"This seems a little over-the-top."
Big Bad Wolf Amendment
Elon Musk took to Twitter (surprise!) to criticize NASA for signaling it would continue prohibiting direct cooperation between the agency and China indefinitely.
During testimony to a congressional committee on Wednesday, NASA head Bill Nelson said that he supported making the Wolf Amendment — a 2011 law that prohibits cooperation between NASA and the Chinese government — permanent, according to Voice of America News.
"That doesn’t mean that we can’t find areas of cooperation, and those areas are deconfliction of space assets running into each other [and] trying to get them to participate in getting rid of all of that space junk," Nelson said in response to a question regarding the Chinese space program by Rep. Michael Waltz.

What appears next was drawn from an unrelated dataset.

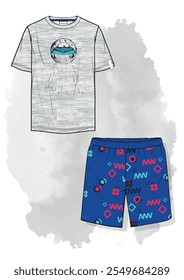 boys clothes design set. tshirt and shorts. ufo pattern design and more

After hearing the news, Musk tweeted out his frustration saying, "Nothing wrong with healthy competition, but this seems a little over-the-top. Would be cool if spacecraft could travel from one space station to another (which is harder than it seems!)."
Nothing wrong with healthy competition, but this seems a little over-the-top. Would be cool if spacecraft could travel from one space station to another (which is much harder than it seems!).
— Elon Musk (@elonmusk) June 25, 2021
A Dozen Years of Landings
While the Tesla CEO might be upset at the idea that he won't be able to ride his space Tesla from one space station to another, he was probably heartened to hear Nelson's ambitious plans for future lunar missions — if the government funds it, that is.
In fact, the NASA chief took the opportunity in front of the House Committee on Science, Space and Technology to request more funds for the Human Landing System (HLS) program. The HLS is the final method of transportation for the Artemis mission that'll take astronauts directly to the lunar surface, according to NASA.
Doing so, he said, could mean the agency can send even more astronauts to the Moon.
"But there needs to be a landing each year for a dozen years, so there are many more awards to come if you all decide that it's in the interest of the United States to appropriate that money," he said to the committee.
A dozen years of landings should mean a lot more work in the future for Musk and his team at SpaceX — that is, unless another billionaire with a private space and aeronautics venture muscles their way in.